Hatfield House (Philadelphia, Pennsylvania)


The Hatfield House is a historic house in Fairmount Park, Philadelphia, Pennsylvania.

History

It was built as a suburban villa in 1760, in what is now the Nicetown neighborhood of the city. It operated as Catherine Mallon's Boarding School for Girls from 1806 to 1824. William J. Hay was the next owner, and made major Greek Revival-style alterations - including the addition of the unusual 5-column temple portico - in 1838. Dr.

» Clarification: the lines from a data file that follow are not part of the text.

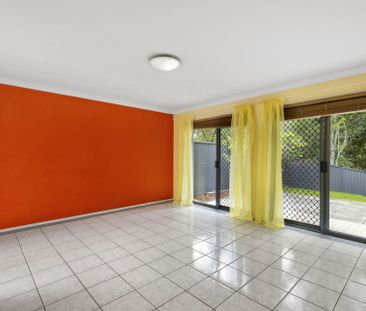 Spacious and Comfortable Family Home in a Quiet Ashmore Location - Photo 2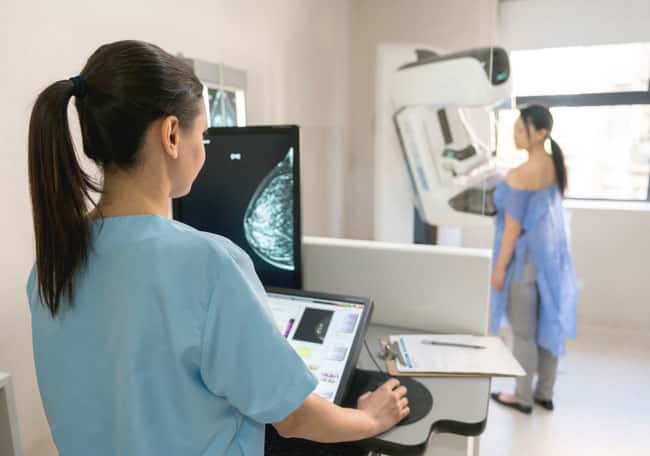 Con ayuda de la inteligencia artificial se podría diagnosticar con más precisión el cáncer de mama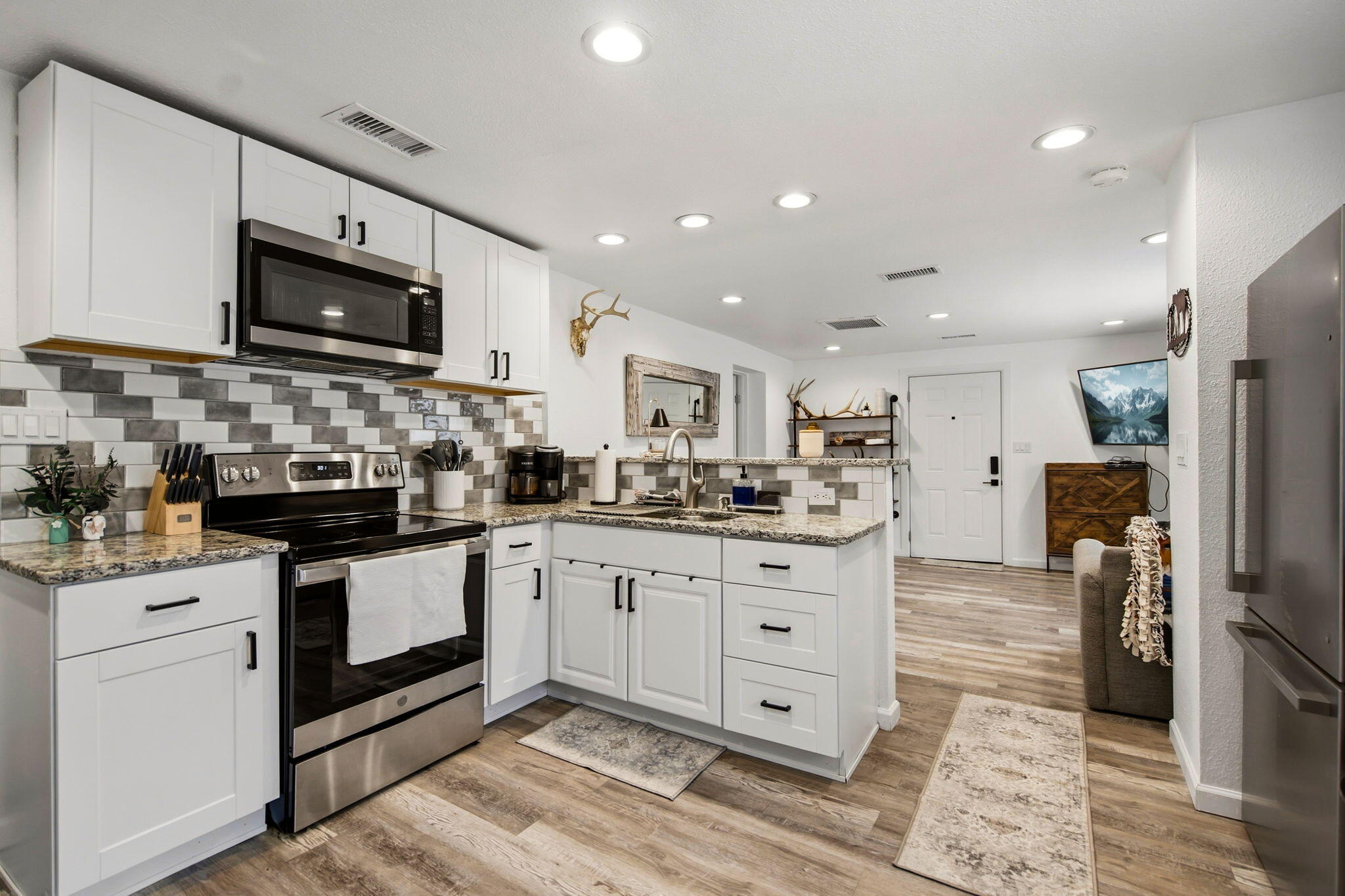 Photo 3 of Single family home for sale at 400 W Calle Del Banco # A, Bernalillo, NM 87004 | MLS# 1111238 | Listing updated on 2026-09-30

Nathan L. Hatfield, of the University of Pennsylvania, bought it in 1854; his family owned it for 75 years.
The house appears on the 1843 Ellet Map of Philadelphia County, on the south side of Nicetown Road, east of the Philadelphia and Germantown Rail Road and west of the Germantown and Perkiomen Turnpike. By the 1855 Barnes Map, the city's street grid has been sketched in, although few of the streets yet existed. By 1862, a horse-drawn streetcar line passed a block east of the house.
Simon Gratz High School was built directly east of the house in 1925. Major Henry Reed Hatfield donated the house to Fairmount Park Commission in 1929. In 1930, the building was dismantled and moved one story at a time to its present site, 33rd Street and Girard Avenue. Architect Erling H. Pedersen, of the Philadelphia Museum of Art, managed the relocation.
It was added to the National Register of Historic Places on March 16, 1972. It is currently leased as office space by the Father's Day Fund.